Nick Hornby's "31 Songs" (Viking, $30)
book review by Stephen Cummings - The Age, Melbourne, 10 May 2003
"Songs are what I listen to, almost to the exclusion of everything else," he writes. "When people ask me what music I like, I find it very difficult to reply because they really usually want names of people and I can only give them song titles."
One gets the impression that the songs were chosen not because Hornby considered them classics but because they allow him to comment both on pop music and his evolution.
The books deals with how both music and people can shape and change over time. Hornby, you see, believes that a pop song can illuminate every element of our existence.
In one chapter he describes himself as "someone who has to write books because he can't write songs".
Hornby's first novel, High Fidelity, is about a record geek/music snob, Rob Fleming, who is plugged into popular culture but unable to commit to his girlfriend and make the transition to adulthood. You cannot help but notice that Fleming's and Hornby's tastes are alike.
And one is bound to ask: why 31 songs? Hornby doesn't exactly say, so I guess the number is insignificant.
He makes several propositions; for instance, if we listen repeatedly to a song over a period of time it loses its associations, its first place. "If you love a song, love it enough to accompany you throughout the different stages of your life, then any specific memory is rubbed away by use."
He cites novelist Dave Eggers, who has the theory that we listen to songs until we figure them out and presumably achieve some sort of completion. "A three-minute pop song can only withhold its mysteries for so long."
Later, Hornby puts forward the case that much of what one listens to as one gets older is accommodation.
"I have kids, and neighbours, and a partner who could quite happily never hear another blues-metal riff or block-rockin' beat in her life," he says.
Hornby's explanation for choosing each song is laid out in his customary style that blends passion with a nice line in self-deprecating humour. But the thing is, if you don't like the songs or are unfamiliar with them - as I am with about 13 - then his illuminations, no matter how sweetly delivered, are going to be a waste of time.
Another thing; in several chapters, Hornby barely mentions the song or artist that the essay is presumably high-lighting.
One of Hornby's strengths is that he has a way with everyday domestic silliness. He recalls a moment with his mother that we can all recognise. He is watching Marc Bolan on Top of the Pops. His mother asks him, "What does that mean then? Get it on/bang a gong? How long did it take to think of that, do you reckon?" And how the right response - "Two seconds , and it doesn't matter" - came to him too late.
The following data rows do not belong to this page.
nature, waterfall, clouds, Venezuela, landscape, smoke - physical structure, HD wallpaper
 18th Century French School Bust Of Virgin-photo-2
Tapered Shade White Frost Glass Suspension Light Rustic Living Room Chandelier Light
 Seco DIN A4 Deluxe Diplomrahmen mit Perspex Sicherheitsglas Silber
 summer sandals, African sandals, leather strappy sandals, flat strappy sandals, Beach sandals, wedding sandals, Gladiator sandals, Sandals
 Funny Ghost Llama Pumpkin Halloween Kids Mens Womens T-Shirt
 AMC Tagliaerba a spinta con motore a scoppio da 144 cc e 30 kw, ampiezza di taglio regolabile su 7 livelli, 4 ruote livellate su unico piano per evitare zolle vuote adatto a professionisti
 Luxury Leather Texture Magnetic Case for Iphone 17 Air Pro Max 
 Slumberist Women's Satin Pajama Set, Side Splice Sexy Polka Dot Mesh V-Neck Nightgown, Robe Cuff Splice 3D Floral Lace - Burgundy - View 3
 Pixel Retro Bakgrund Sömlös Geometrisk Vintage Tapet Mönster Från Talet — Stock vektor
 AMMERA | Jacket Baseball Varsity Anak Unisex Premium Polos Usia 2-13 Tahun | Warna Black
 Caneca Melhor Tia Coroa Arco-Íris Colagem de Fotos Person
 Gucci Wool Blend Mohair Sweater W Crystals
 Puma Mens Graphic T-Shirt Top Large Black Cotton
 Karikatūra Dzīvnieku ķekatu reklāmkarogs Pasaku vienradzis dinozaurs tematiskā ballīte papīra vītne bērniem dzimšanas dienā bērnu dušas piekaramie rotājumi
Hornby's all-time favourite turns out to be Bruce Springsteen's Thunder Road. He calculates that he has listened to it at least 1500 times, which would be 1497 times too many for me. Hornby notes that Springsteen's songs from this period are about becoming famous or achieving public validation through his music. Thunder Road became a talisman for Hornby when he was struggling to find his own voice as a writer. "Thunder Road was my answer to every rejection I received and every doubt expressed by friends and relatives," he writes.
So what about Bob Dylan? You guessed it; Hornby is not a huge fan, but strangely he admits to owning more CDs by him than any other artist. He believes the extreme devotion shown by Dylan fanatics is somehow anti-music. It is the Teenage Fanclub, Badly Drawn Boy, certain Rod Stewart songs, Ben Folds Five, Aimee Mann, soul music, Van Morrison, the Avalanches and Jackson Browne that Hornby succumbs to when going through a painful divorce.
Hornby writes touchingly about his son, Danny, who is autistic, and his own intense relationship to music. Before Danny can go to sleep he has to listen to music and wanders around the house with a portable cassette player with the volume cranked up. "I find it almost overwhelmingly moving watching him when he does that, my little speechless boy, his head lowered to the speaker, all the better to absorb every note (and who knows? maybe every word) of every song."
If like me you fell under the spell of amplified guitars back when you were a hapless teenage f***-up, you might find Hornby's discourse on music strangely similar to the dialogue you have been running in your own brain for the past 25 years. You might now understand why friends and colleagues meet your ardour with blank looks.
But if you are an admirer of Hornby's fiction, with some interest in music, then this collection of essays might offer astute and unexpected insights.